Heel pain is in most cases caused by plantar fasciitis, heel pain is sometimes referred to as heel spur syndrome particularly when there is a spur, it is worth noting that heel pain can also be caused by a fracture, tendon problems, arthritis disease, or in rare situations by a cyst. Owing to numerous possible source of pain on the heel, it is good to have your heel pain examined by a reliable and experienced ankle surgeon for proper diagnoses, an experienced and skilled ankle surgeon is cable of identifying all potential possibilities and hence determining the source of your heel pain. Only a few people know about plantar fasciitis, it is swelling of the plantar fascia that link the heel to toes, the heel pain occurs when fascia is irritated and then inflamed leading to sharp, stabbing pain on the heel. This article provides you with some insights regarding causes, symptoms, diagnosis, and available non-surgical treatment of plantar fasciitis.

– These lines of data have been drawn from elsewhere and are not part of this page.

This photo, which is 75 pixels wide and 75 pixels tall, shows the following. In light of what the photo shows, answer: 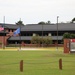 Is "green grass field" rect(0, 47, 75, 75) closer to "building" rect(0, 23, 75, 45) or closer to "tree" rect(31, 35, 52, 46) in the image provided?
"tree" rect(31, 35, 52, 46)

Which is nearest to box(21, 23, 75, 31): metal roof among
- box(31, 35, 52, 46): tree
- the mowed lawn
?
box(31, 35, 52, 46): tree

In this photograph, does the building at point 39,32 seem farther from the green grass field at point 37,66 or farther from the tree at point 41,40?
the green grass field at point 37,66

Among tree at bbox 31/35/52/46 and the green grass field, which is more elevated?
tree at bbox 31/35/52/46

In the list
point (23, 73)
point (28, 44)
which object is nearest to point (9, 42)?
point (28, 44)

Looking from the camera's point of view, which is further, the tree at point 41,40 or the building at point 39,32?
the building at point 39,32

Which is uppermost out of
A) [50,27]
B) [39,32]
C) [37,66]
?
[50,27]

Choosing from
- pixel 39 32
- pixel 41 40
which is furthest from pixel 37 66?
pixel 39 32

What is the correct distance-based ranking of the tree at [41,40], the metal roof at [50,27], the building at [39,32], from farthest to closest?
the metal roof at [50,27] < the building at [39,32] < the tree at [41,40]

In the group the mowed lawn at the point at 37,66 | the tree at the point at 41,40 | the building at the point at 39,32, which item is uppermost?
the building at the point at 39,32

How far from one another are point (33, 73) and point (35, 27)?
334ft

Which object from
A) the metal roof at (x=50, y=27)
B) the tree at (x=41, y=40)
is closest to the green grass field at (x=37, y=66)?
the tree at (x=41, y=40)

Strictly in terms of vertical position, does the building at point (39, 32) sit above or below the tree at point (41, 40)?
above

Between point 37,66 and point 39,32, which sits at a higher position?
point 39,32

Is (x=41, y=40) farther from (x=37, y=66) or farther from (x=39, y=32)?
(x=37, y=66) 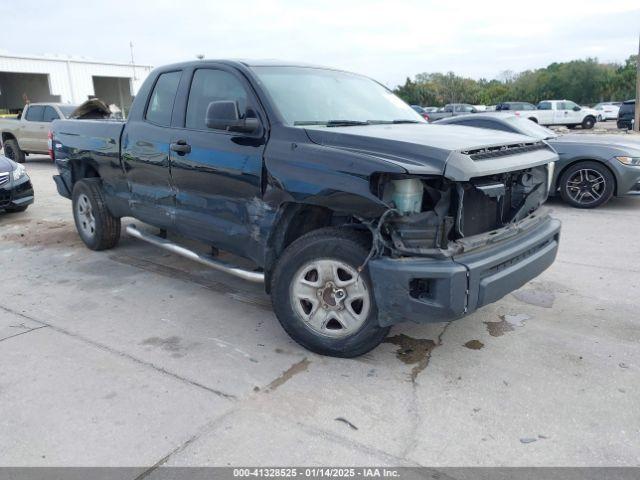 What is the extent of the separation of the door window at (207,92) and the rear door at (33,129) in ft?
38.6

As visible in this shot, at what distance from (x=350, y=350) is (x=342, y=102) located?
6.65ft

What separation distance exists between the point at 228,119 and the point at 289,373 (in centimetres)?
175

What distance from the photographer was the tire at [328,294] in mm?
3248

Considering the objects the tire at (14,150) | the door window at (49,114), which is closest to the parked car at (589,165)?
the door window at (49,114)

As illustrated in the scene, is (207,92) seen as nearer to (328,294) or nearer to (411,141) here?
(411,141)

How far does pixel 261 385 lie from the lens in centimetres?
321

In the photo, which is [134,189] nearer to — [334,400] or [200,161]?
[200,161]

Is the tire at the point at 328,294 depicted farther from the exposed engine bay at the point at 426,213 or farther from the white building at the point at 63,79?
the white building at the point at 63,79

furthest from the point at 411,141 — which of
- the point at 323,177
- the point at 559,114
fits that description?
the point at 559,114

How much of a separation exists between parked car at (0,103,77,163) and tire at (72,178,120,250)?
8977mm

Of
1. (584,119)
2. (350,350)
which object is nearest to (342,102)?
(350,350)

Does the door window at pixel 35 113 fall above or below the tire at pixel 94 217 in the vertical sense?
above

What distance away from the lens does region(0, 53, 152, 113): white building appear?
114 feet

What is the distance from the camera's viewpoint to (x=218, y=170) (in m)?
4.06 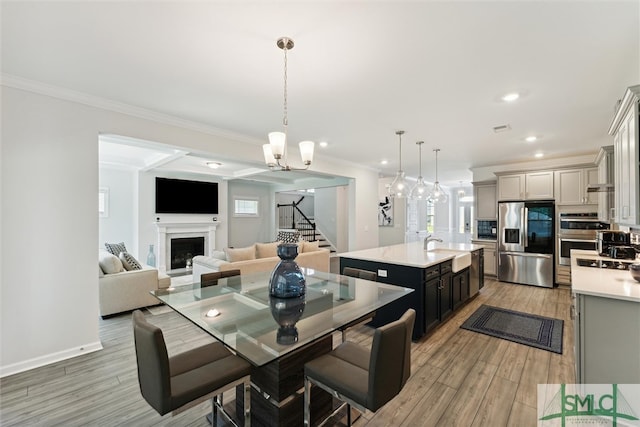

The primary cause of plantar fasciitis is poor foot structure, this is observed in people with flat feet, abnormal arched feet, or people with arches problems, plantar fasciitis can also develop because of using poor shoes on rigid flat surfaces because they put excessive pressure on the band tissue leading to plantar fasciitis, this is normally seen in people with a job that demand long hours of standing or obese people.

Some of the common signs of plantar fasciitis includes sharp and stabbing pain emanating from the lower part of the heel, arch pains, pain which worsen on standing, the pain increases over time, and swelling on the bottom of the heel. People suffering from plantar fasciitis explain that pain worsens on standing after sitting for a considerable amount of time, however, walking decreases the pain because it stretches the fascia.

To be diagnosed with plantar fasciitis, doctor obtains medical history and examines the foot feeling the pain, to make a final diagnosis the surgeon must rule out all other types of heel pain, the ankle surgeon may use imaging diagnostics such as x-rays to establish the type of heel pain you are experiencing, there are instances when a spur is present in a patient with plantar fasciitis, though rare it is a possibility, in such a situation the patient is diagnosed with plantar fasciitis or heel spur syndrome.

Some of the non-surgical treatment available to manage or treat plantar fasciitis includes stretches of calf muscles, avoiding walking barefoot, use ice, 20 min daily to reduce inflammation, you can use medications such as oral nonsteroidal anti-inflammatory drugs (NSAIDs), and use shoes that are designed with supportive arch.